Department of Neurology, The Second People's Hospital of Huai'an, The Affiliated Huai'an Hospital of Xuzhou Medical University, Huai'an, China.
Department of Dermatology, The Affiliated Children's Hospital of Nanjing Medical University, Nanjing, China.
Toxicol In Vitro. 2018 Aug;50:373-382. doi: 10.1016/j.tiv.2018.04.005. Epub 2018 Apr 14.
There is evidence to support that ROSs are increased in Parkinson's disease (PD). Our recent research showed that angiotensin II (Ang II) participated in the pathogenesis of PD by triggering oxidative stress. Angiotensin-(1-7)[Ang-(1-7)] has been shown to moderate the adverse effects of the Ang II in many diseases. The purpose of the present study was to determine whether the Ang-(1-7) could have similar effects in CATH.a neurons. We used rotenone-induced neuron injury models to evaluate changes in cultured CATH.a cell lines levels of SOD, GSH and ROS. We also evaluated the expression of AT, AT, Mas receptors and Nox1, Nox2, P47, Hsp70 in treated with PBS, rotenone, Ang-(1-7), or Mas receptor antagonist A-779, alone and combined. The qRT-PCR and western blot were used to detect mRNA and protein levels of the AT, AT, Mas receptors and Nox1, Nox2, P47, Hsp70. The levels of SOD and GSH were determined by using commercial kits. The ROS generation was measured by the fluorescent probe assay. Ang-(1-7) in our current study significantly decreased rotenone-induced oxidative damage and increased the SOD and GSH generation. In addition, Ang-(1-7) significantly elevated Mas receptor expression and reduced NADPH oxidase activation, and these effects were completely eliminated by the A-779. Our findings suggest that Ang-(1-7) attenuates rotenone-induced oxidative damage in CATH.a neurons by activating the Mas receptor expression and inhibiting NADPH oxidase.

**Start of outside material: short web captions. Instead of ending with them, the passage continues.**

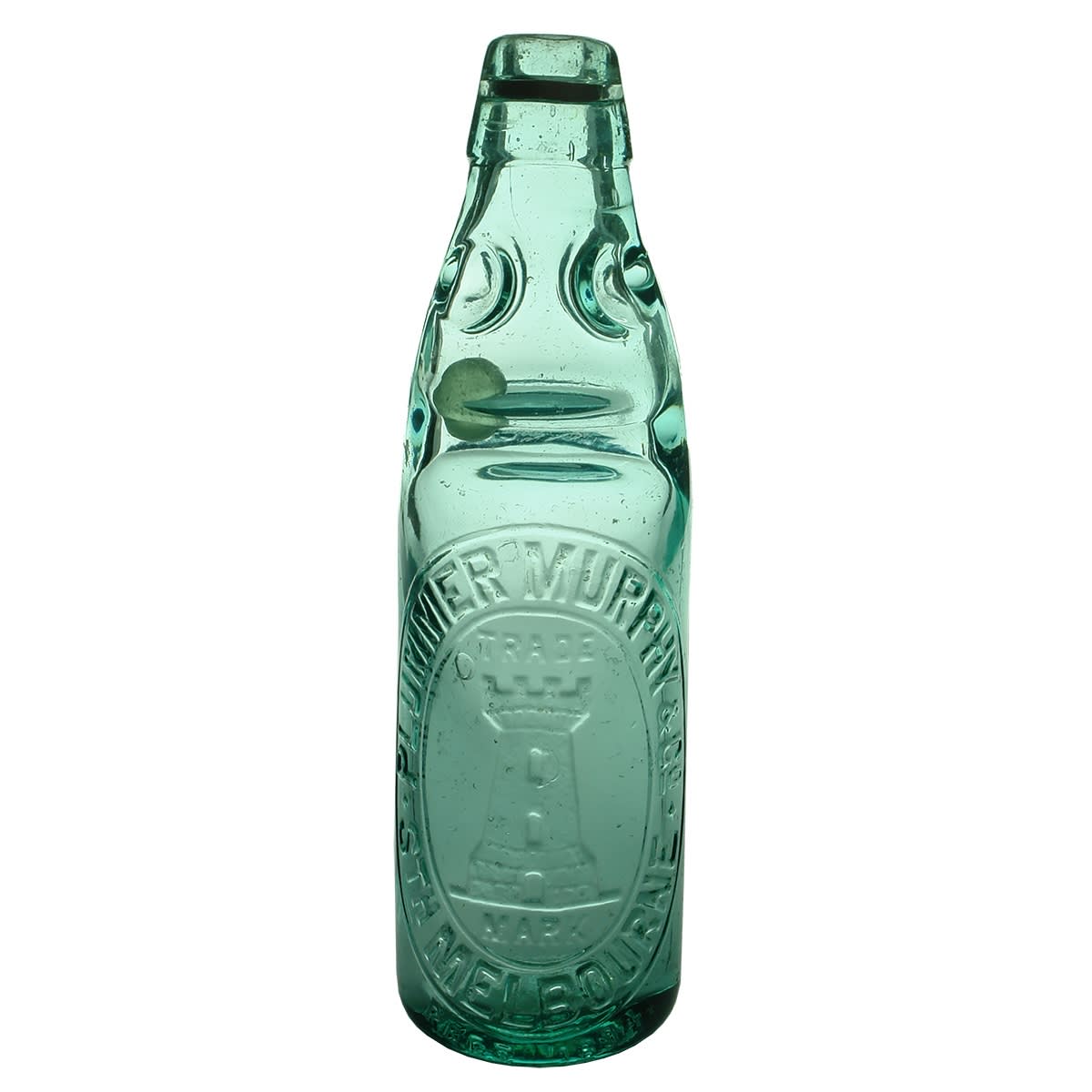 Codd. Plummer Murphy & Co., South Melbourne. Castle. M base mark. Dobson. Aqua. 10 oz. (Victoria)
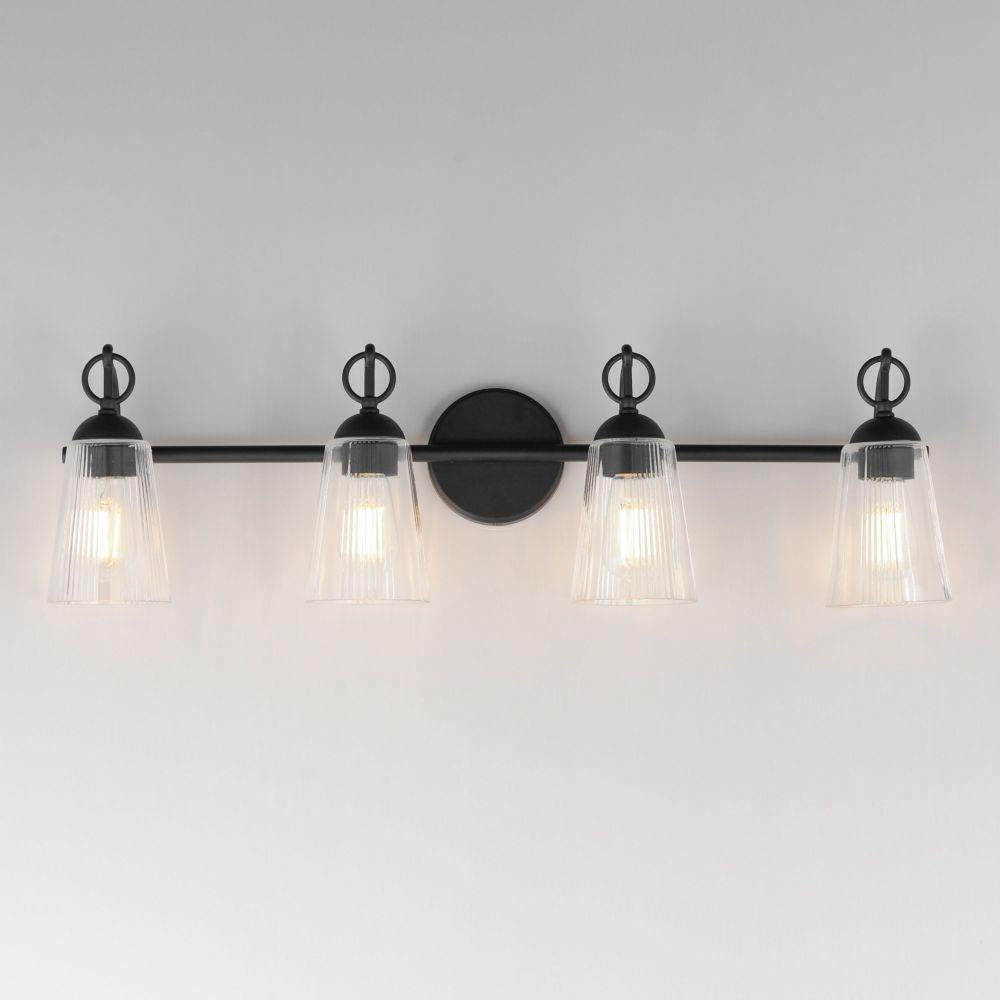 Maxim Lighting 21394CLBK Jackson Hole 4 Light 33 Inch Black Bath Vanity Wall Light - Illuminated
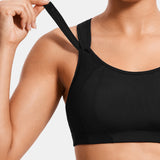 Women's Racerback Front Adjustable Sports Bra Black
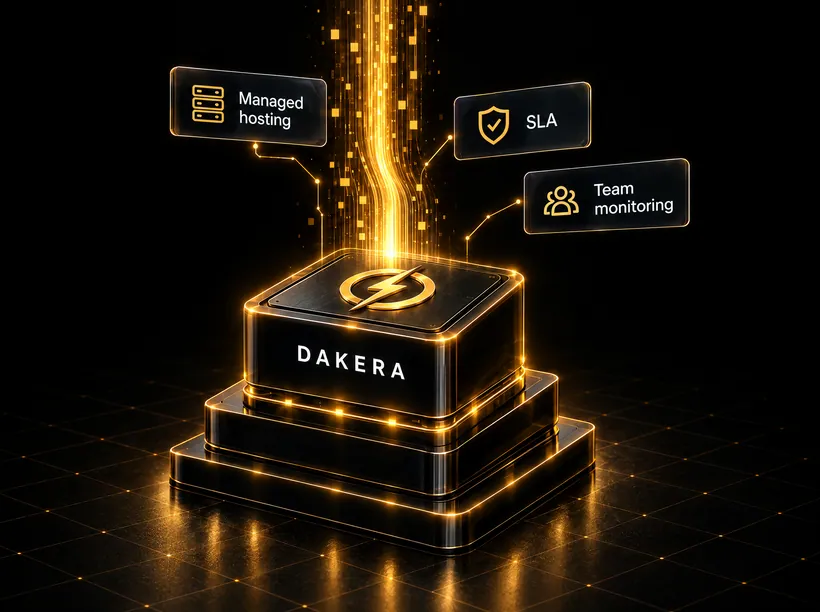 The Dakera core under a column of light, with managed hosting, SLA and team monitoring.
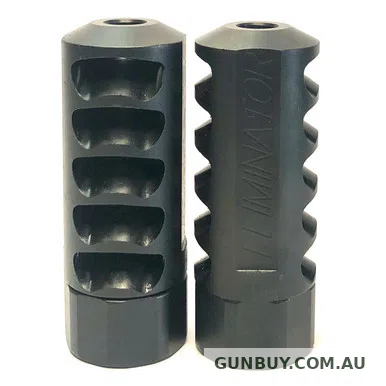 GRIZZLY - ELIMINATOR MUZZLE BRAKE BLUED M13 X 0.75 GRIZZLY - ELIMINATOR MUZZLE BRAKE BLUED M13 X 0.75P - SKU: GEM13X0.75P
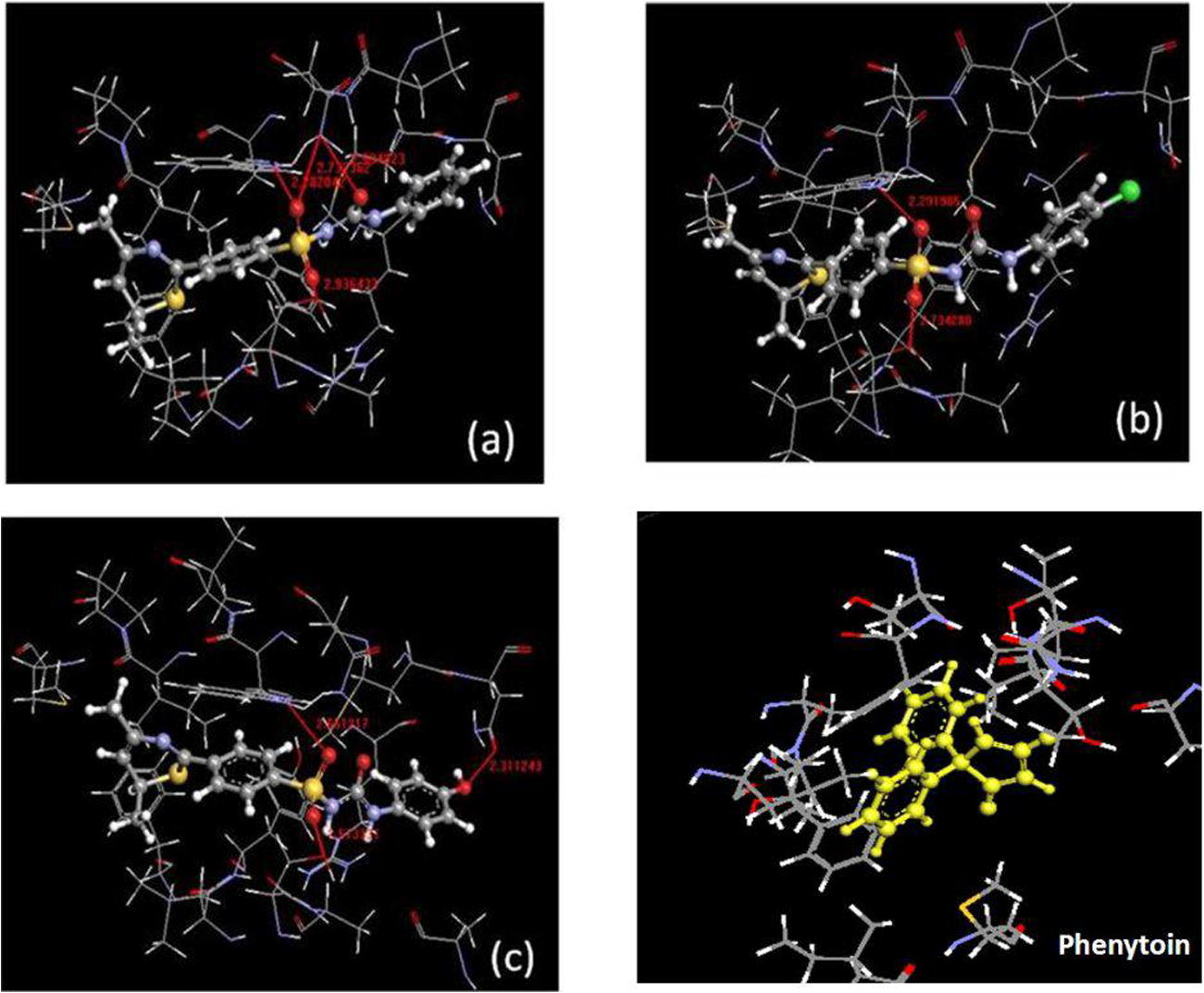 (a) Best possible pore of compound 3a (boll and stick structure) showing hydrogen bond (red color line) and bond distance, (b) best possible pore of compound 3b, (c) best possible pore of compound 3c, (d) Possible interaction of amino acids with phenytoin.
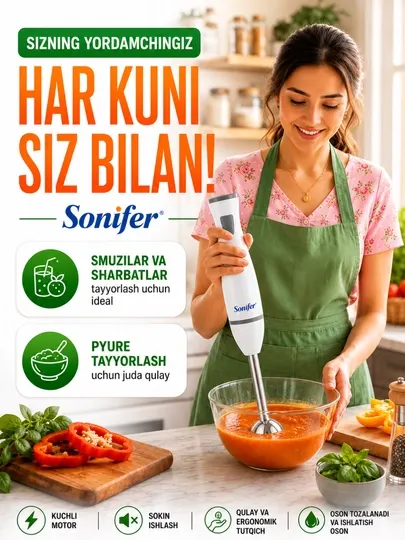 Ручной блендер Sonifer 200 Вт для смузи, коктейлей, пюре, соусов и напитков - Измельчение и смешивание
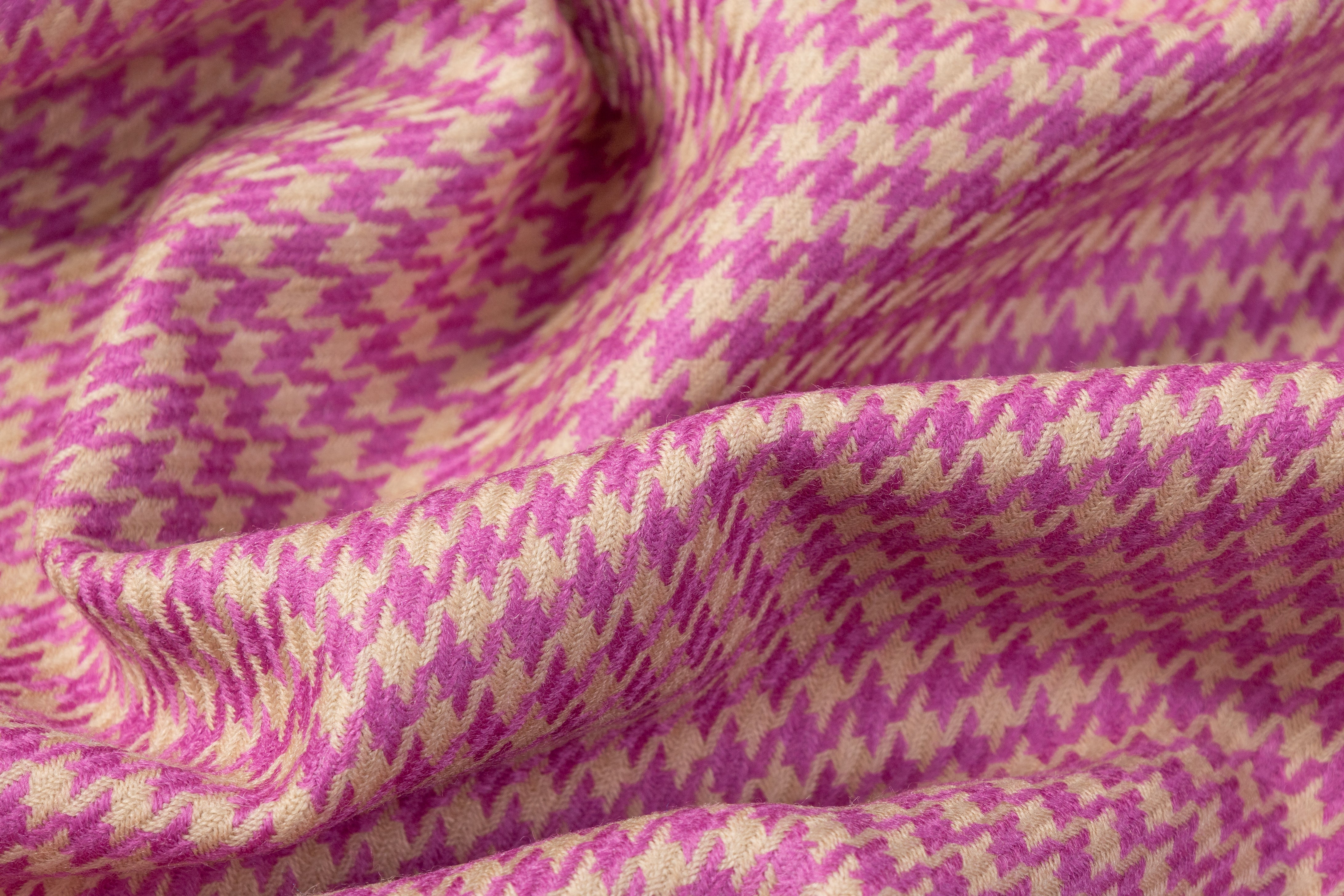 Houndstooth Italian Wool Suiting - Orchid / Tan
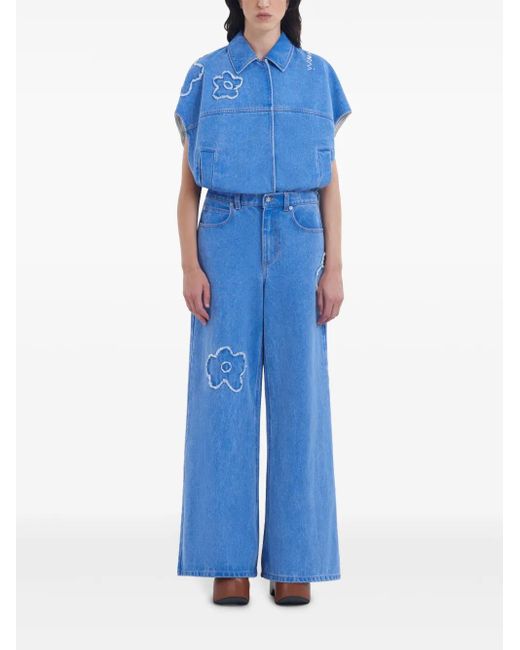 Marni Blue Embroidered Straight-Leg Jeans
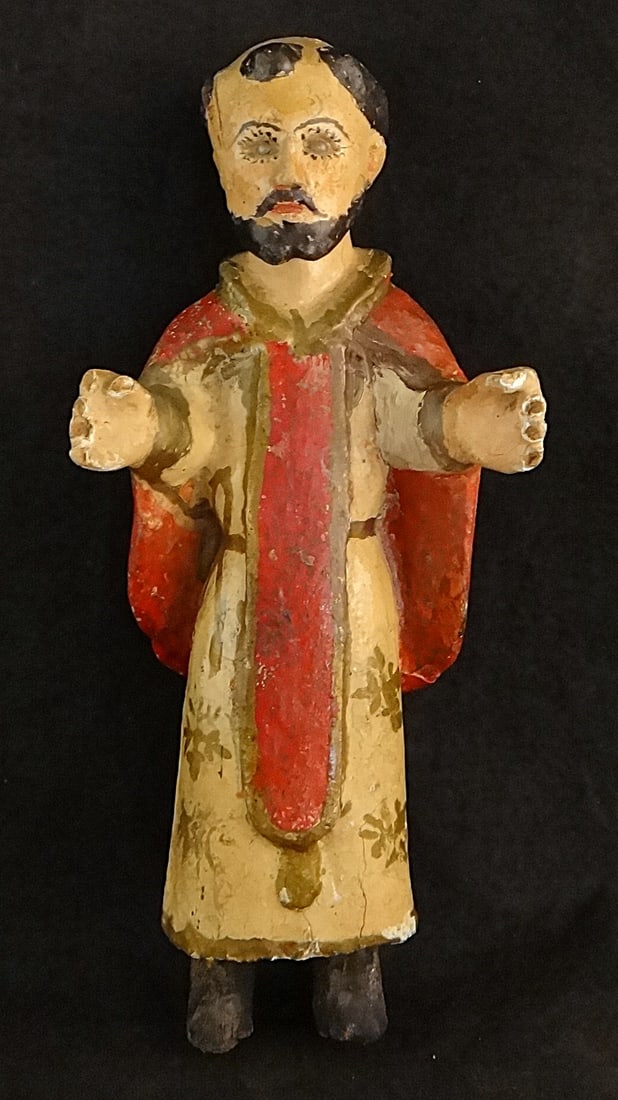 19th c Spanish Colonial Carved & Painted Wood Santos of a Saint/Religious Leader (1 of 8)
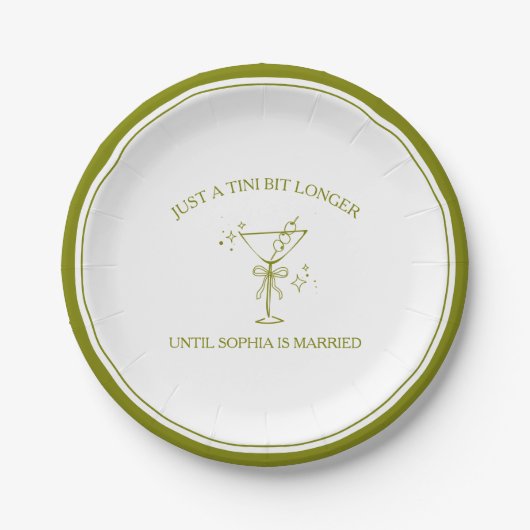 "Tini Bit Longer" Vies Martini Olijf Bachelorette Papieren Bordje (Voorkant)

有证据表明,活性氧(ROS)在帕金森病(PD)中增加。我们最近的研究表明,血管紧张素 II(Ang II)通过触发氧化应激参与 PD 的发病机制。血管紧张素-(1-7)[Ang-(1-7)]已被证明在许多疾病中可以调节 Ang II 的不利影响。本研究的目的是确定 Ang-(1-7)是否对 CATH.a 神经元具有类似的作用。我们使用鱼藤酮诱导的神经元损伤模型来评估培养的 CATH.a 细胞系中 SOD、GSH 和 ROS 水平的变化。我们还评估了单独和联合用 PBS、鱼藤酮、Ang-(1-7)或 Mas 受体拮抗剂 A-779 处理后 AT、AT、Mas 受体和 Nox1、Nox2、P47、Hsp70 的表达。qRT-PCR 和 Western blot 用于检测 AT、AT、Mas 受体和 Nox1、Nox2、P47、Hsp70 的 mRNA 和蛋白水平。使用商业试剂盒测定 SOD 和 GSH 水平。通过荧光探针测定法测量 ROS 的产生。在我们的研究中,Ang-(1-7)显著降低了鱼藤酮诱导的氧化损伤,增加了 SOD 和 GSH 的产生。此外,Ang-(1-7)显著增加了 Mas 受体的表达并减少了 NADPH 氧化酶的激活,而这些作用完全被 A-779 消除。我们的研究结果表明,Ang-(1-7)通过激活 Mas 受体表达和抑制 NADPH 氧化酶来减轻 CATH.a 神经元中的鱼藤酮诱导的氧化损伤。